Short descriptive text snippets
□ □ □ □
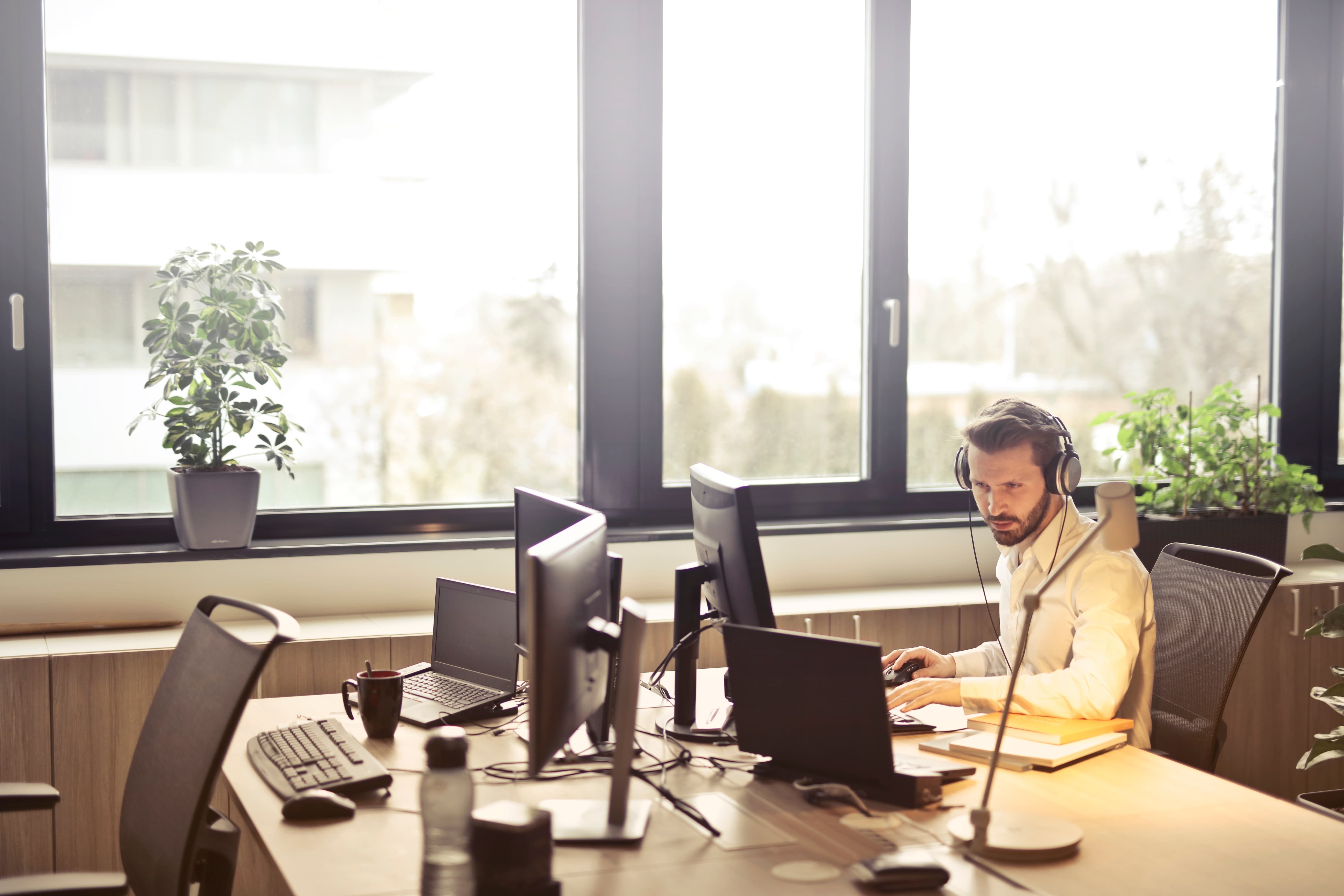 Man on a video call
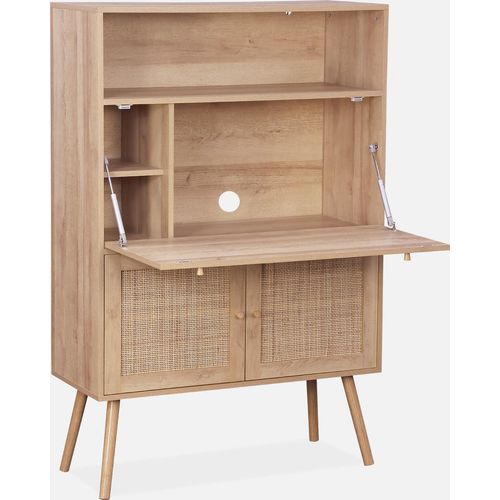 sweeek - Schreibschrank / Sekretär, 2 Türen und Regale, Holzeffekt und Rohrgeflecht - Natur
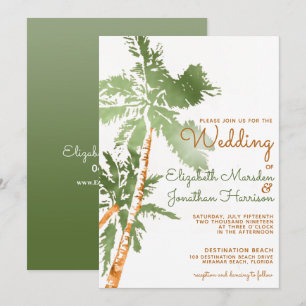 Convites Casamento de Palm Trees Douradas Tropicais
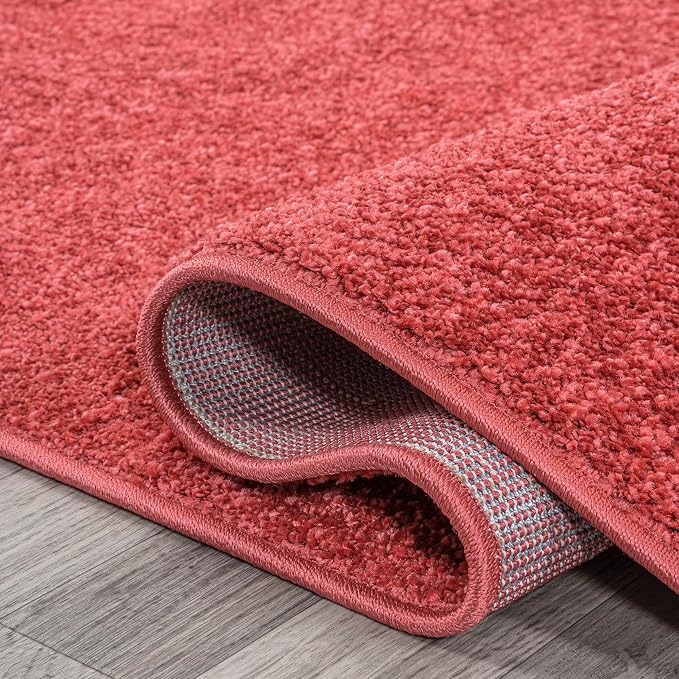 JONATHAN Y Haze Solid Low-Pile Red 7x7 Square Indoor Area Rug, Coastal,Bohemian,Minimalist,Classic, Easy-Cleaning for Living Room,Bedroom,Kitchen,Pet Friendly,Non-Shedding (SEU100E-7SQ)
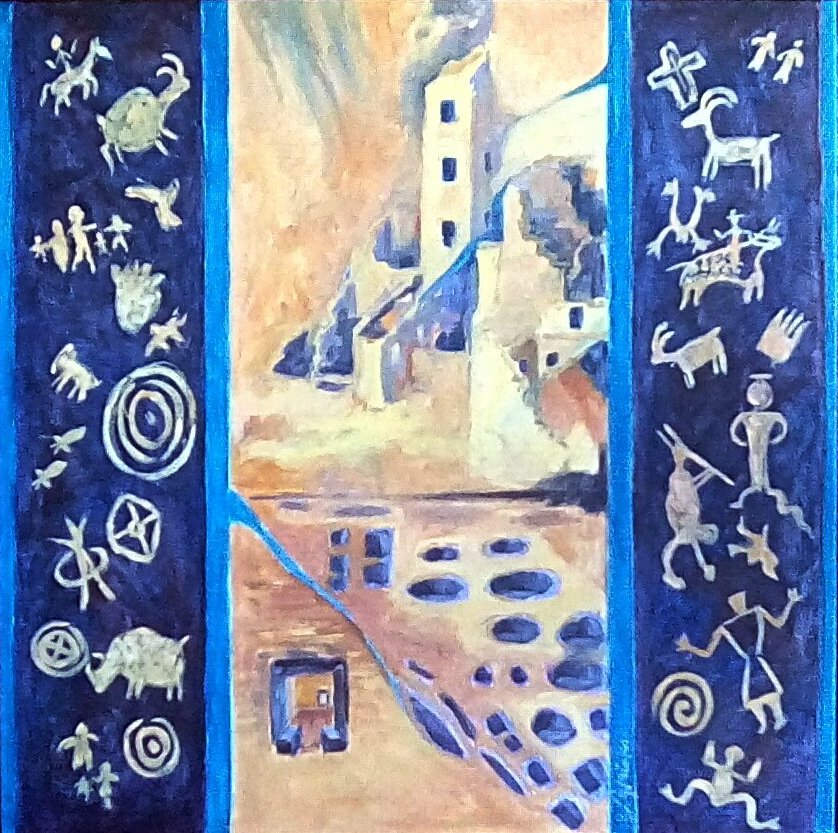 A painting of cave painting symbols and ancient ruins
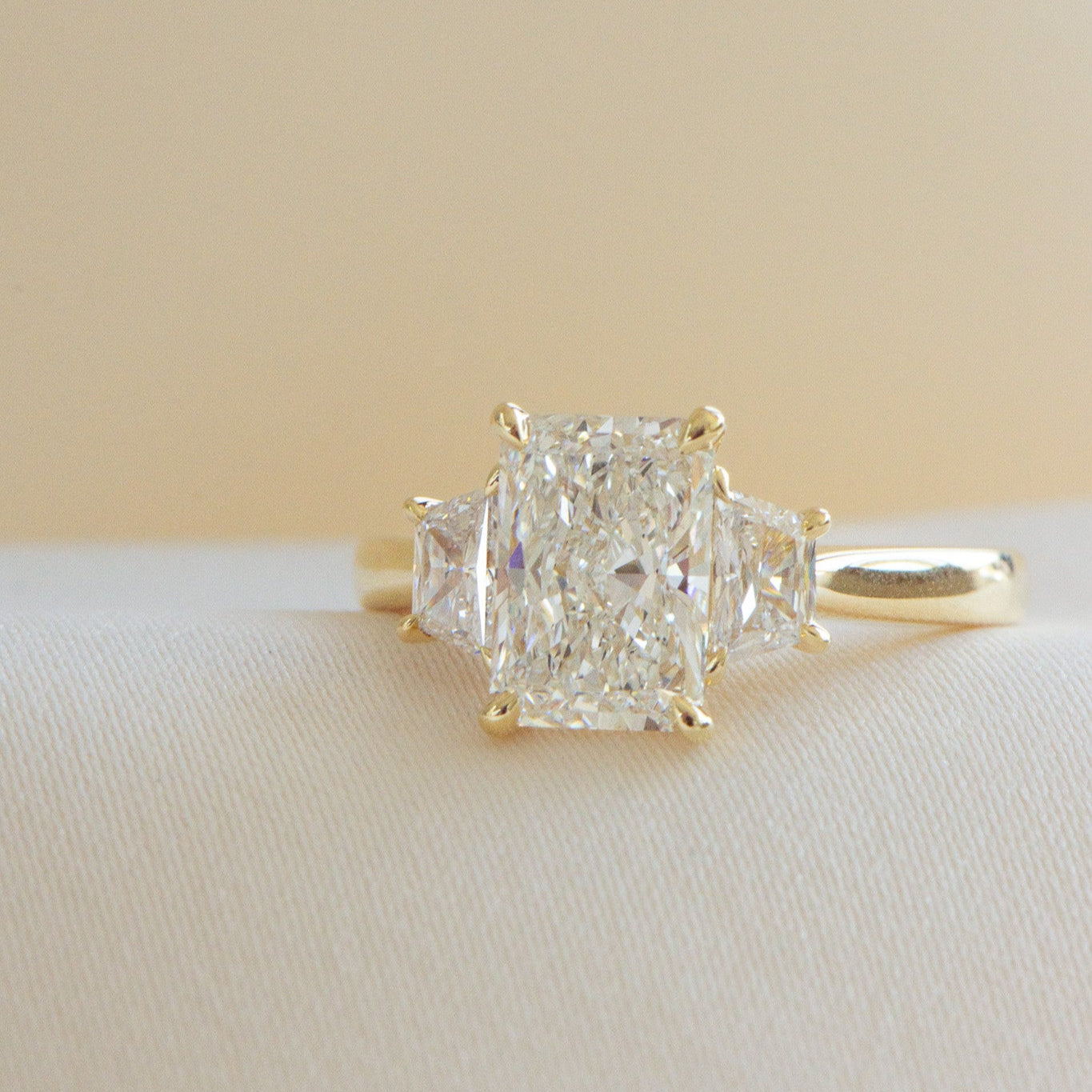 Thea | 2.54ct Radiant & Trapezoid Engagement Ring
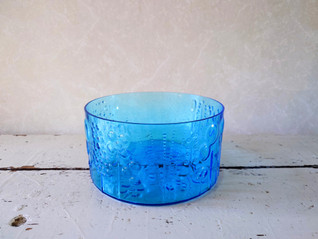 Nuutajärvi Flora Oiva Toikka tarjoilukulho turkoosi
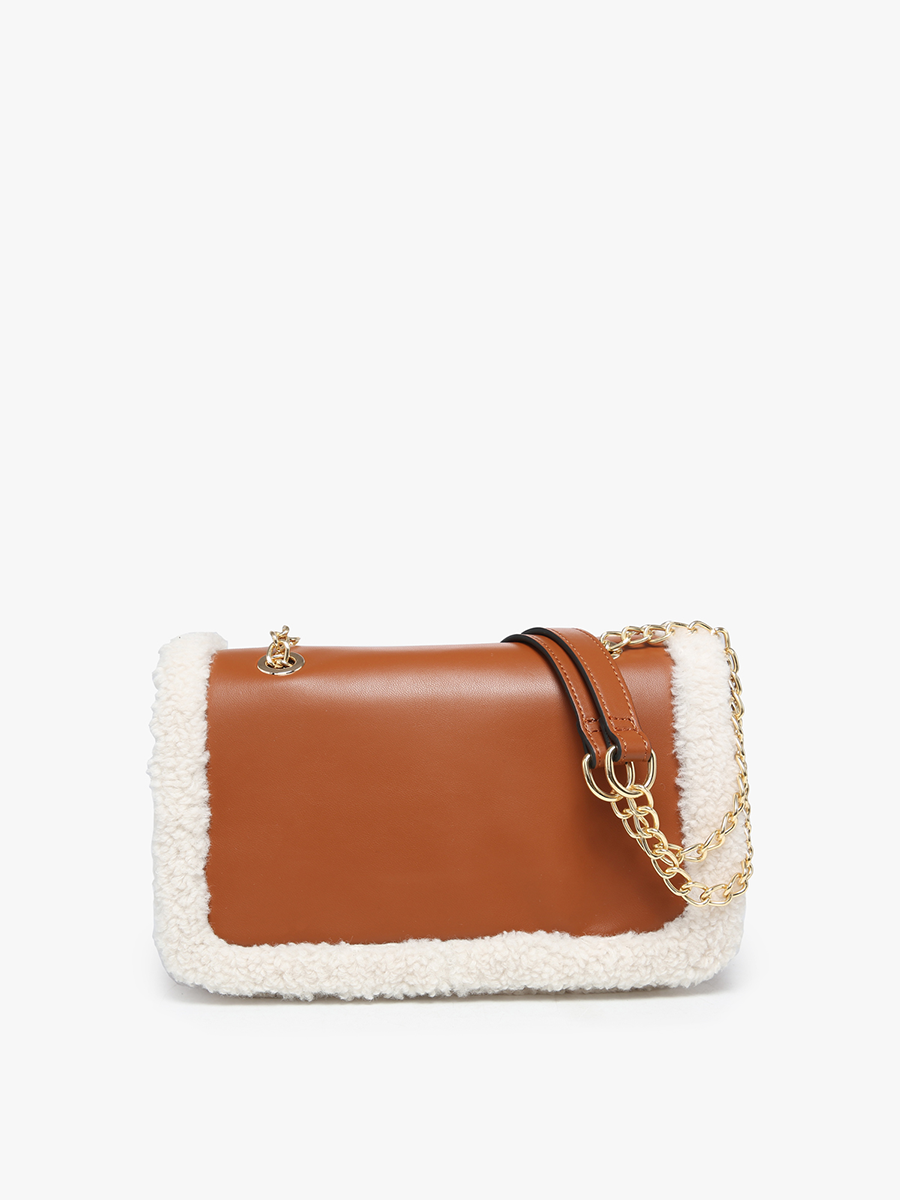 Coco Vegan Sherpa Trim Crossbody in Brown - Jen & Co. vegan handbag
□ □ □ □
[WHAT TO WORK ON]: For the entries above, the output must hold exactly the lines from the one with "Nuutajärvi Flora Oiva" through the last line, both included, and no pictures.

[RESPONSE TO THE TASK]:
 Nuutajärvi Flora Oiva Toikka tarjoilukulho turkoosi
 Coco Vegan Sherpa Trim Crossbody in Brown - Jen & Co. vegan handbag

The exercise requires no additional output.